**ASSIGNMENT:**
Set down the first line below and each line after it, ending with the one that holds "Fanale posteriore principale". Pictures do not belong in the copy.

**INPUT DATA:**
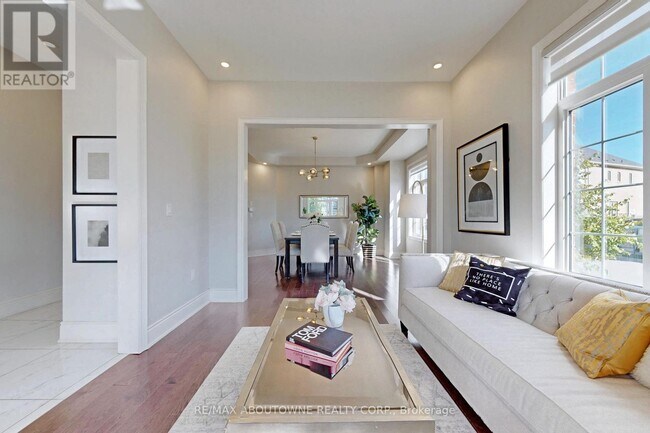 Photo - 459 Threshing Mill Blvd.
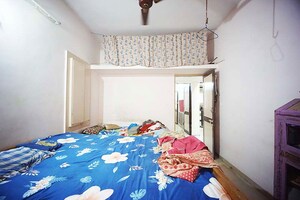 Bedroom in 5 BHK Independent House at Satellite – for Sale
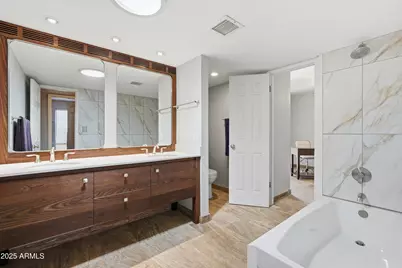 19 E Canterbury Court, Phoenix, AZ 85022 - Photo 37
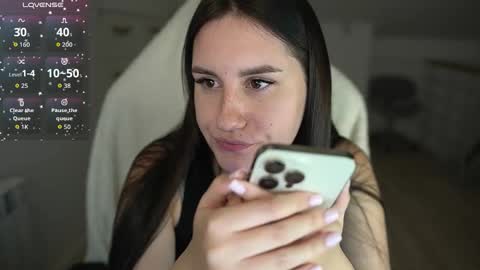 Snapshot of lizzi_fox chatting on 19, 10, 2025 Lizi-Fox online show from 19, 10, 2025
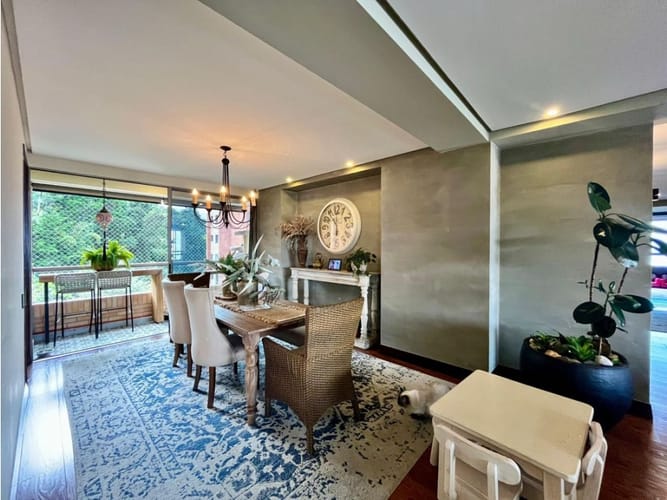 Apartamento de 3 alcobas en arriendo en El Tesoro, Medellín, 260 m² · foto 5 de 24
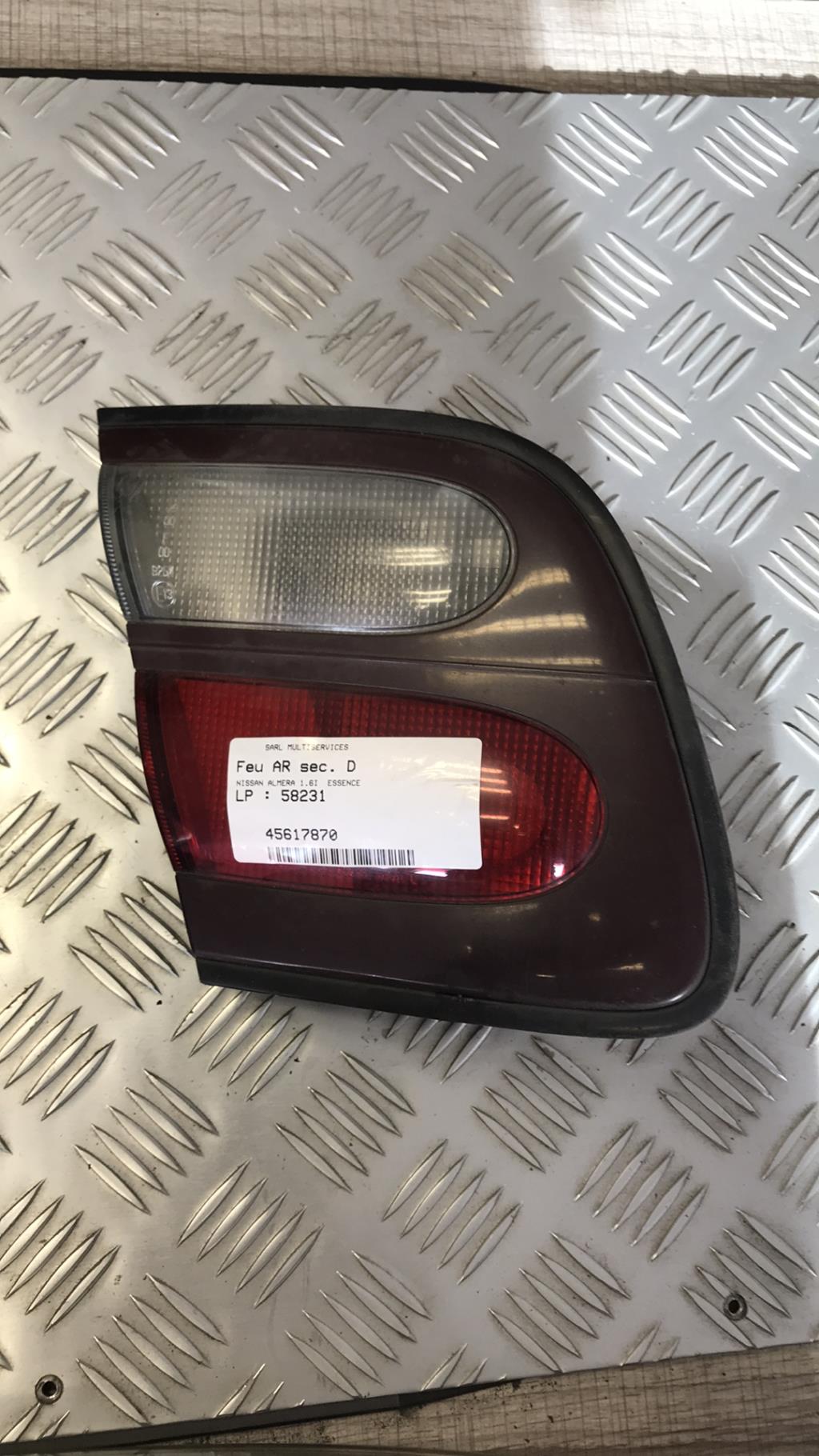 Fanale posteriore principale sinistro (luci) NISSAN ALMERA 1 PHASE 2 Gasolina - 1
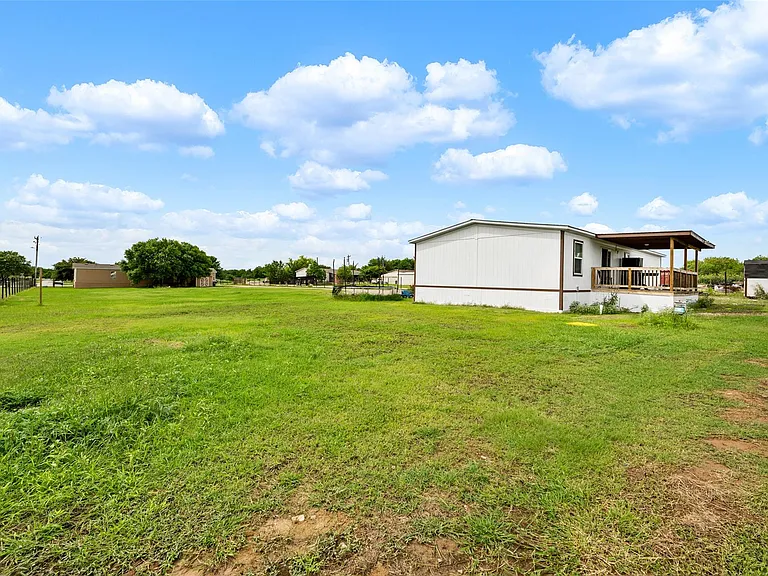 360 Shady Oaks #B — Photo 30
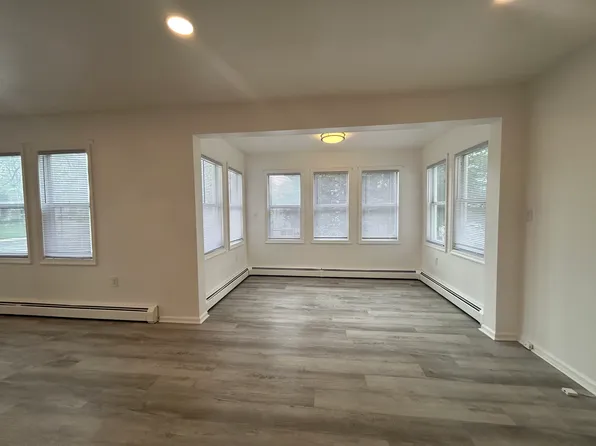 413 W Poplar Ave #1, Linwood, NJ 08221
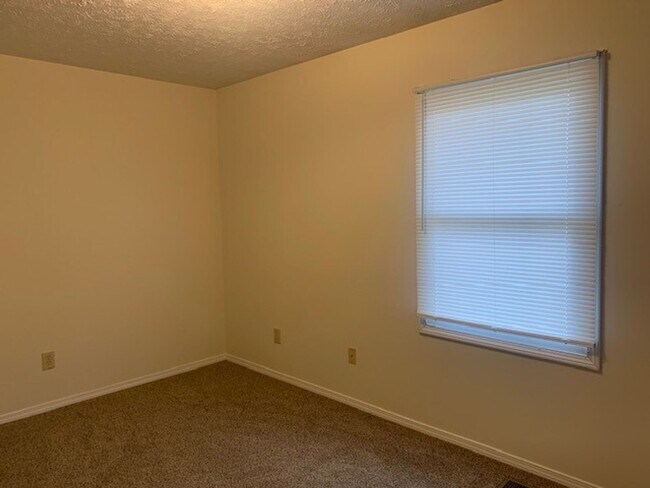 Building Photo - 1300-1302 S Hickory Grove Lane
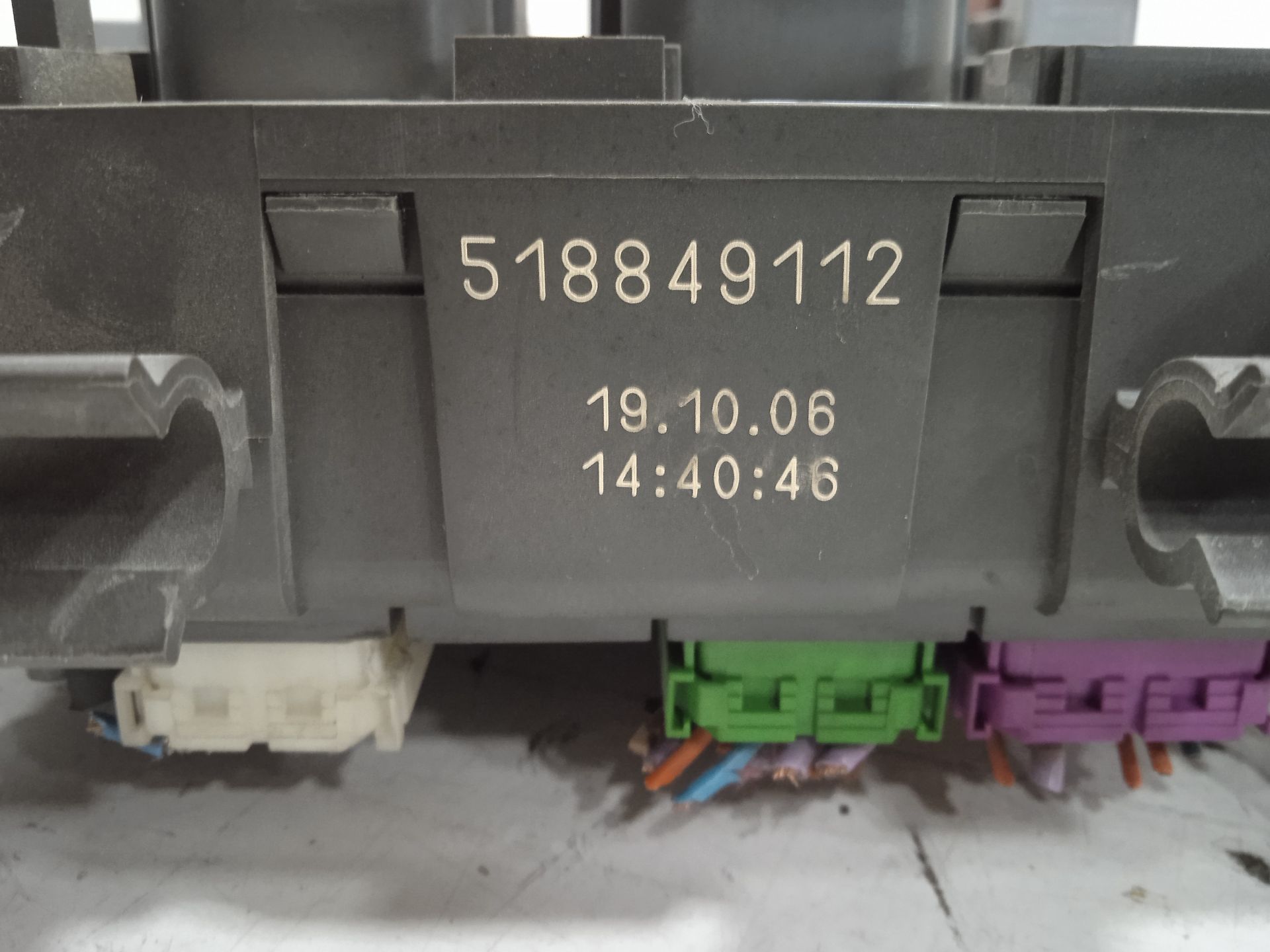 CAJA RELES / FUSIBLES RENAULT PREMIUM DISTRIBUTION *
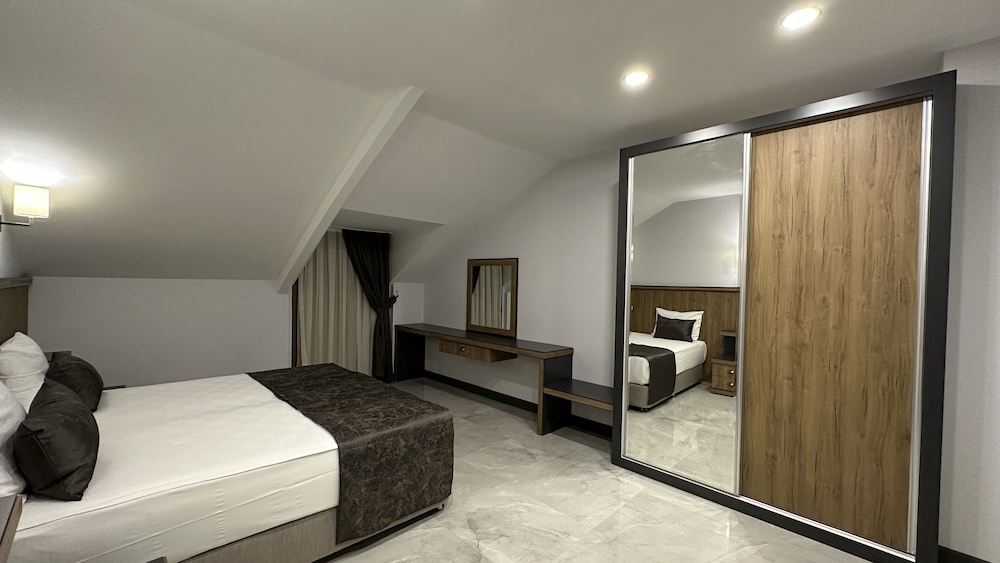 Junior Suite, Multiple Beds thumbnail 5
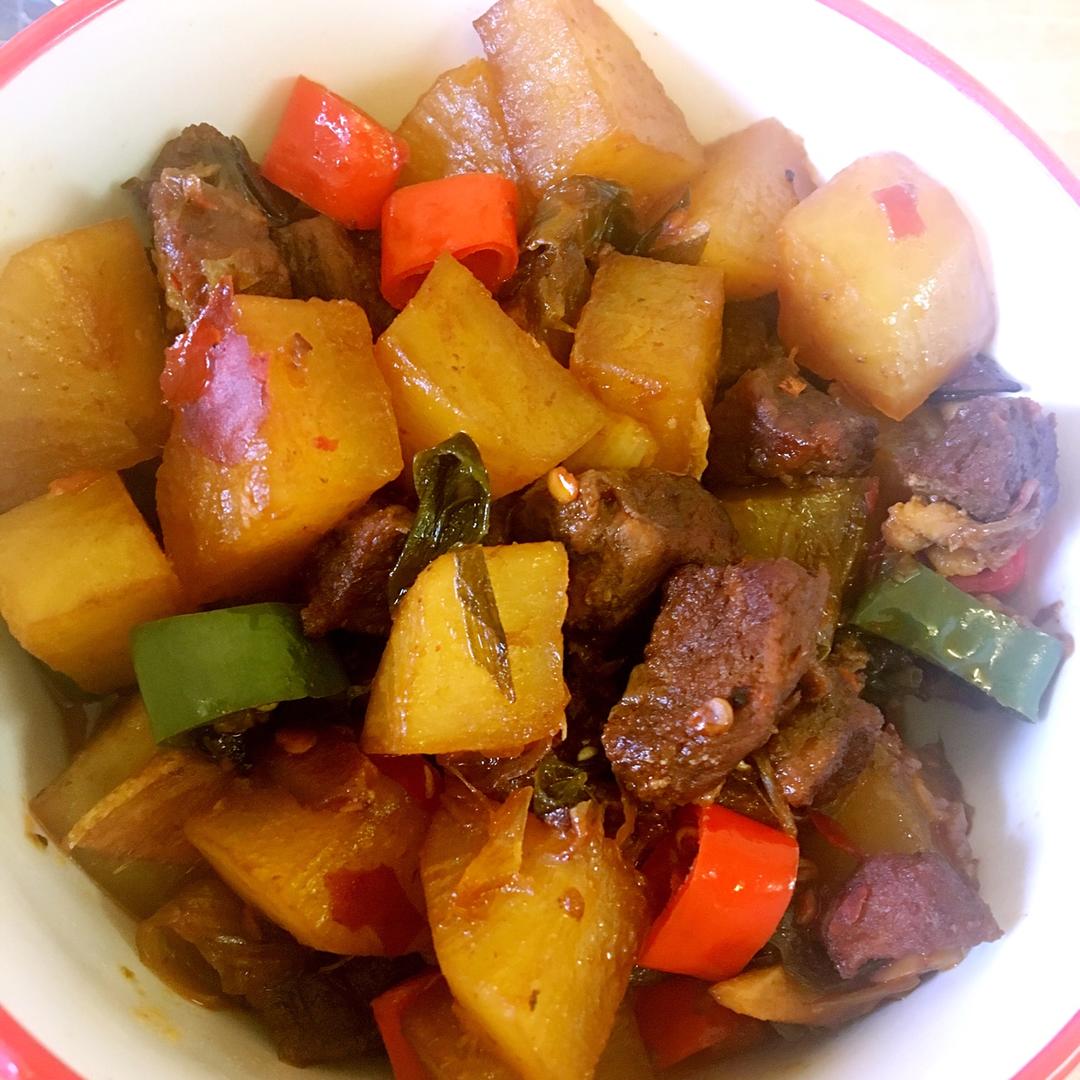 牛肉炖萝卜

**SOLUTION TO THIS EXERCISE:**
 Photo - 459 Threshing Mill Blvd.
 Bedroom in 5 BHK Independent House at Satellite – for Sale
 19 E Canterbury Court, Phoenix, AZ 85022 - Photo 37
 Snapshot of lizzi_fox chatting on 19, 10, 2025 Lizi-Fox online show from 19, 10, 2025
 Apartamento de 3 alcobas en arriendo en El Tesoro, Medellín, 260 m² · foto 5 de 24
 Fanale posteriore principale sinistro (luci) NISSAN ALMERA 1 PHASE 2 Gasolina - 1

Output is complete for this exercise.